# About this task
Practice item. Set the material below down again exactly, with no pictures.

# Supplied material

....

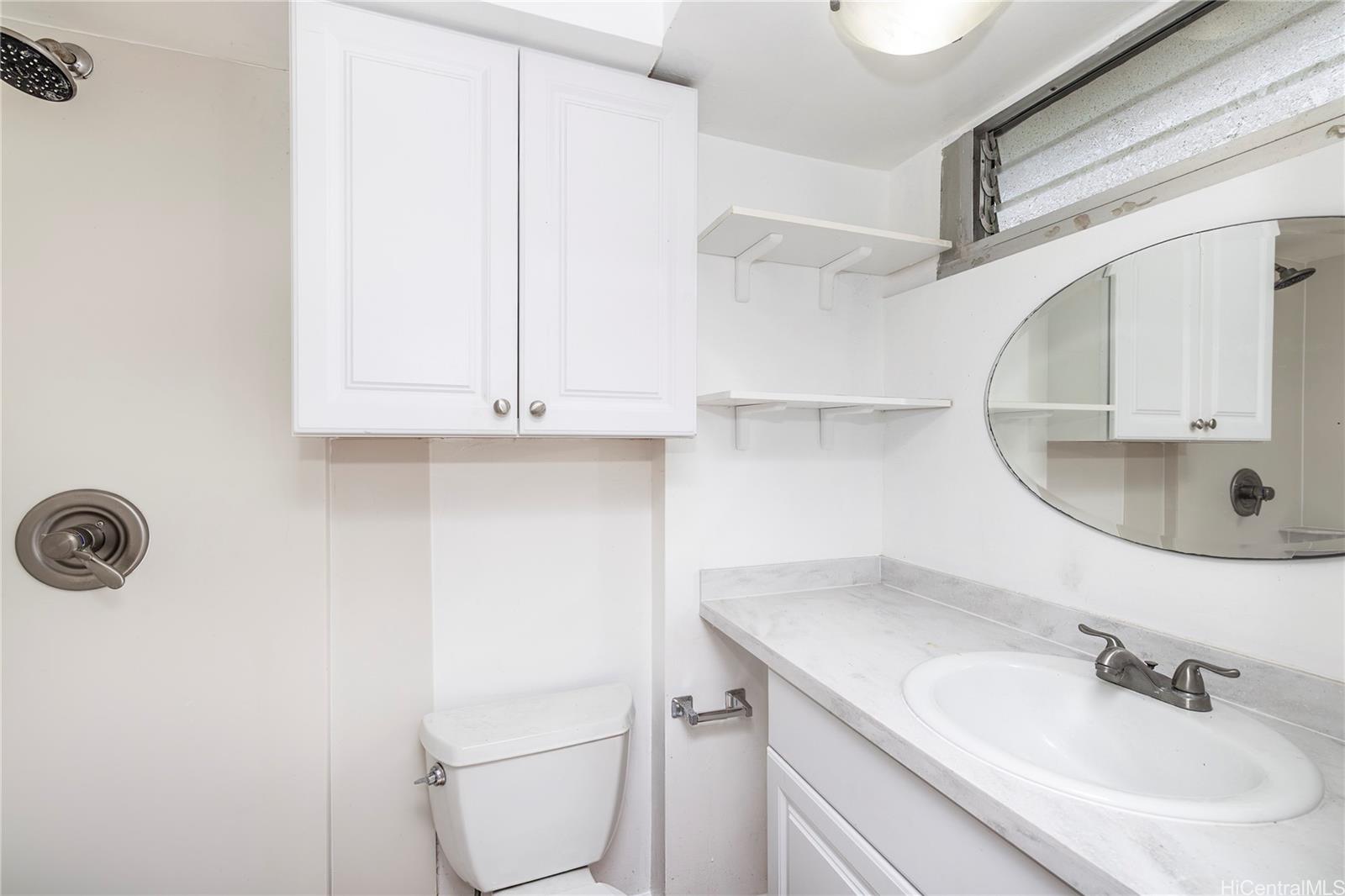 2888 Ala Ilima Street, Unit 1901 Honolulu, HI 96818 - Photo 5 of 14 a bathroom with a sink and mirror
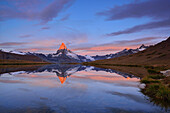 Matterhorn reflecting in a mountain lake, Pennine Alps, Valais, Switzerland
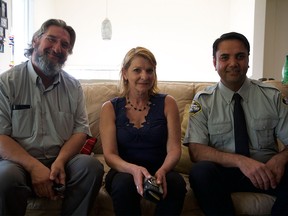 Left, Dan Storozuk, and right, Kulbir Chouhan, pictured with Bernadet Schneukere and her returned wallet.
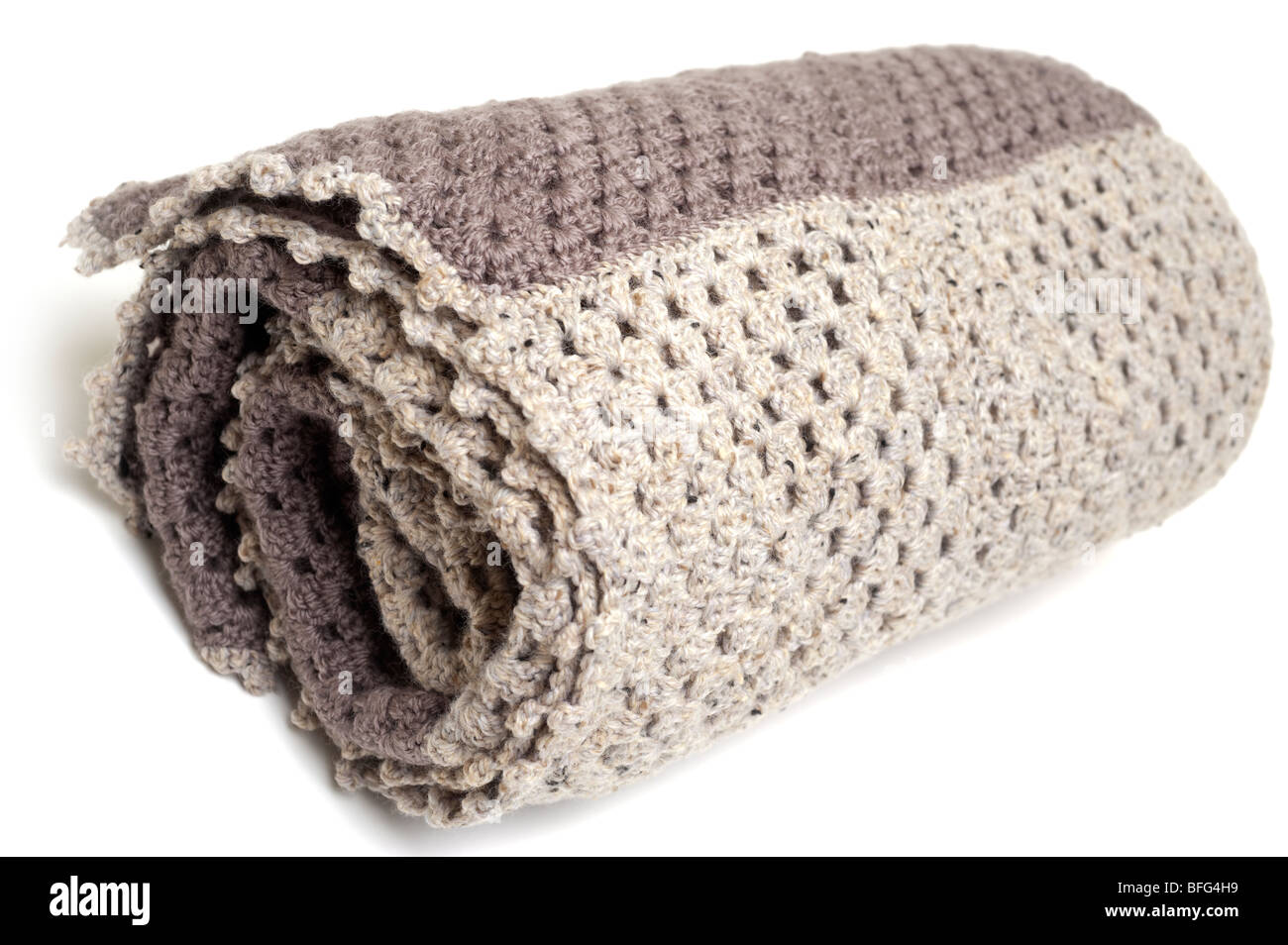 Brown and beige coloured crocheted blanket Stock Photo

....

# Solution to this task
 2888 Ala Ilima Street, Unit 1901 Honolulu, HI 96818 - Photo 5 of 14 a bathroom with a sink and mirror
 Matterhorn reflecting in a mountain lake, Pennine Alps, Valais, Switzerland
 Left, Dan Storozuk, and right, Kulbir Chouhan, pictured with Bernadet Schneukere and her returned wallet.
 Brown and beige coloured crocheted blanket Stock Photo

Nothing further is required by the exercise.